I thought about this as I walked the gentle, sloping roads towards Good People & Good Coffee. I wandered by the local park, peeking in through the closed windows of hair salons I thought might be cafes, and soaking up the quiet suburban life of Higashiyama. In the distance I heard the quiet echo of traffic along the expressway, neighborhood dogs barking, and kids bantering on the way to school.
At the top of one of these sloping roads was an apartment building, the first floor of which opened into a… garage? Indeed, it was so. Connected to this was a small white room filled with photos in black and white, and a counter at which I spied a man typing away at a laptop, hidden under a hat, occasionally checking some of the paperwork splayed out nearby.
I was looking at Good People & Good Coffee, and co-owner Makoto Ikeda. I peeked in through the garage doors, said hello, and introduced myself. I took a seat by the window, and amongst a modest collection of creative thoughts as photographed by Shota “Paulo” Shinjo, Ikeda talked coffee, art, lifestyle, and design.

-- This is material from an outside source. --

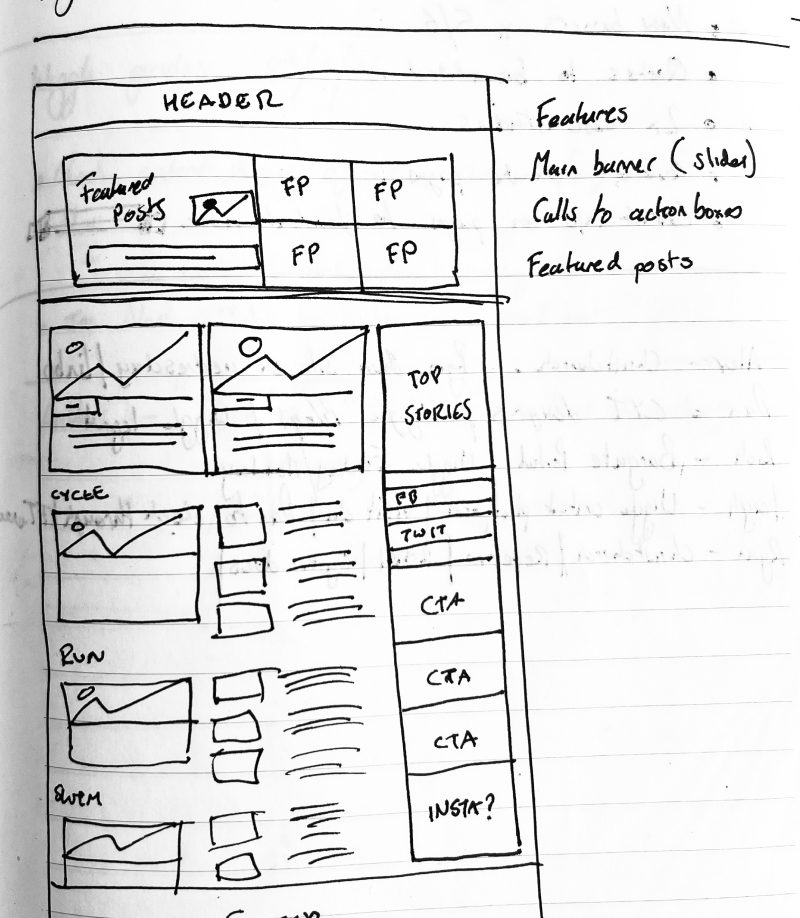 wiggle blogs ux wireframing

He told me the space is meant to be a blend of work and lifestyle. He met barista Tomoshi Okamoto through their love of bicycles. They met up at the repair shop—talked bikes and music, hung out, drank coffee. They talked about opening their own place, and in late 2013, they did—complete with couches, gallery space, and coffee stand.
“We want Good People & Good Coffee to be approachable,” Ikeda said. “Coffee is an entry point to that. People have this image of art galleries as quiet spaces that are awkward to enter—we want to lose that. We want people to get a coffee, chill out, and soak up the art.”
I looked at the leather sofas and stools dotting the floor, and the tools hanging from the wall. I looked at the mish-mash of random paraphernalia—bike frames, old books, timber, and plaster Roman models. It didn’t feel like Tokyo. It felt like somewhere else. It felt more like Weezer’s rehearsal space right before they dropped the Blue Album—and there was comfort in that.
“Coffee is always around,” Ikeda continued. “It’s for people when they want to relax. I want art to feel the same way—I want people to have that creativity around them in a casual, everyday sense. And I want to keep surprising people with new and interesting exhibitions here in the gallery space.”
I wandered out to the coffee counter—a small window framed in timber and coffee goods. Okamoto stood behind it, brewing a cup of the house blend—Johnny B. Goode. He said it was their take on kissaten coffee—a French roast with a strong body and a clear aroma. He said Johnny B. Goode was a name that meant something to them; marked their generation by way of Back to the Future. It was a song with energy. It was a song about a kid who wanted to be someone. It was a style they wanted a coffee for. An expression of their concept, by way of a coffee blend. Their Tomando blend, alongside it, interprets a Third Wave experience.
Okamoto talked quickly. His thoughts bounced off the walls, jumping from flat whites and cultural brewing styles to dark roasts and Third Waves, then to blends, single origins, and brewing coffee as making music—because isn’t it a little boring, listening to the same song every day?
“Each culture has a way they like to drink coffee,” he said, “and they’re all good. Recently, you could say it’s iced coffee. [Ikeda and I] love kissaten coffee. We wanted something you could only drink here in Japan. We like that. We like that style. We don’t want to focus on only one thing—one brewing style, one bean type—we want a variety of experiences. But ultimately, it’s our interpretation of these things, through our coffee, that makes it unique.”
Ikeda and Okamoto seemed to me like entirely different people. And yet, they were linked by strong threads of commonality—lifestyle, expression, and creativity. The two shared a passion for interpreting ideas through their own experience to achieve something new: whether it be a cup of coffee, shop design, or a particular gallery exhibition.
The more I thought about it, the more the suburban location made sense—outside of the colorful city centers, in the monochrome desert of the suburbs, creativity bursts with that much more color, and that much more vibrancy. It’s not oversaturated anymore; it’s refreshing. It draws in good people, and—at least here in Higashiyama—it links them through good coffee.